DATA BLOCK:
━━━━━━━━━━━━━━━━━━━━

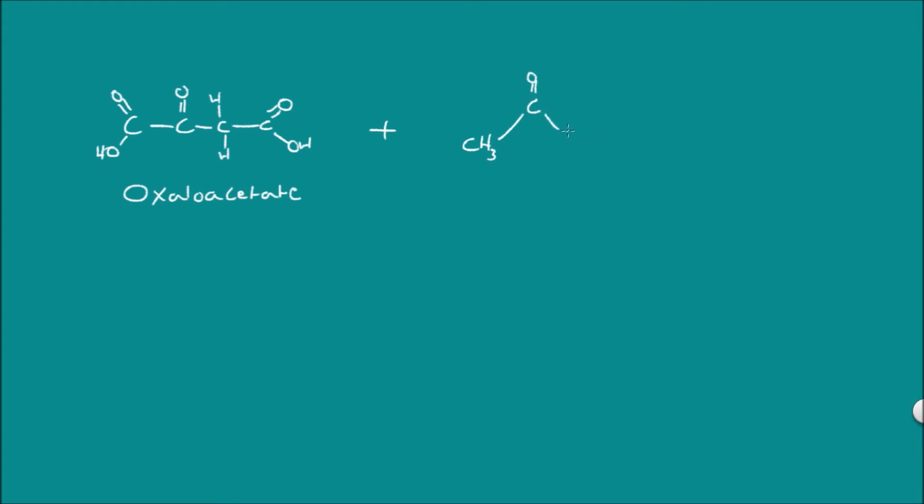Exactly the same as happens in the first step of the Krebs cycle which obviously right now isn't necessary, otherwise we would be making our citrate, isocitrate, and so on.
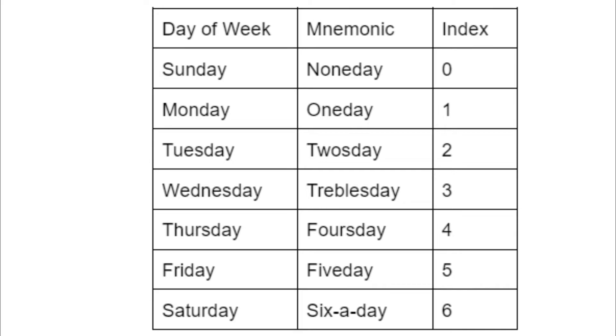Okay, we've now covered the conceptually harder parts of this algorithm. Now that we know the doomsdays, how do we actually find the day of the week of these dates in the first place? Well, it's actually very simple.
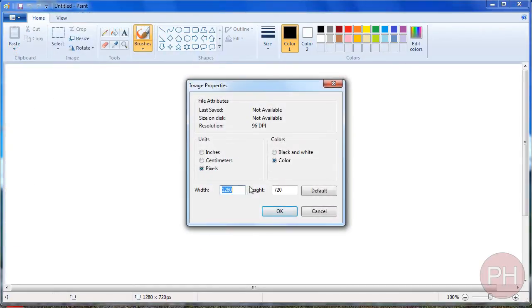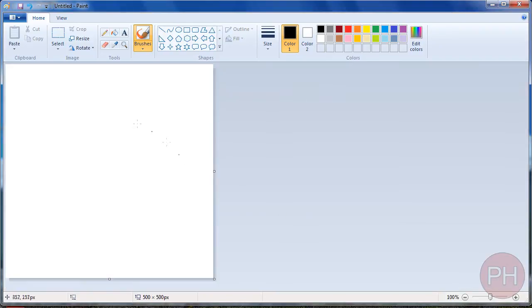and change your Width and Height Dimensions. So, let's do 500 by 500, press OK, and your document has been resized.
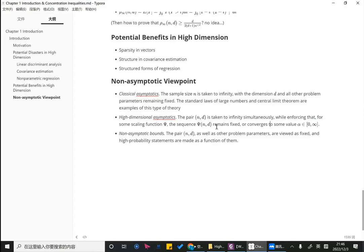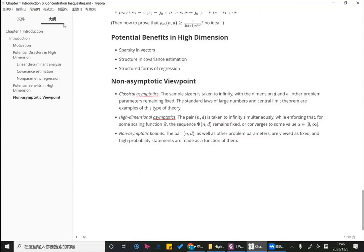That is all about Chapter 1. It gives an introduction to what the non-asymptotic viewpoint is — results as functions of n and d — and provides three examples of disasters when high-dimensional settings are ignored. These motivate what this book talks about: how to mitigate the problems that high-dimensional settings create. That's today's content. Goodbye.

━━━━━━━━━━━━━━━━━━━━

WORK INSTRUCTIONS: An exact repeat of the listing above, pictures excluded, is the answer.

TASK RESPONSE:
Exactly the same as happens in the first step of the Krebs cycle which obviously right now isn't necessary, otherwise we would be making our citrate, isocitrate, and so on.
Okay, we've now covered the conceptually harder parts of this algorithm. Now that we know the doomsdays, how do we actually find the day of the week of these dates in the first place? Well, it's actually very simple.
and change your Width and Height Dimensions. So, let's do 500 by 500, press OK, and your document has been resized.
That is all about Chapter 1. It gives an introduction to what the non-asymptotic viewpoint is — results as functions of n and d — and provides three examples of disasters when high-dimensional settings are ignored. These motivate what this book talks about: how to mitigate the problems that high-dimensional settings create. That's today's content. Goodbye.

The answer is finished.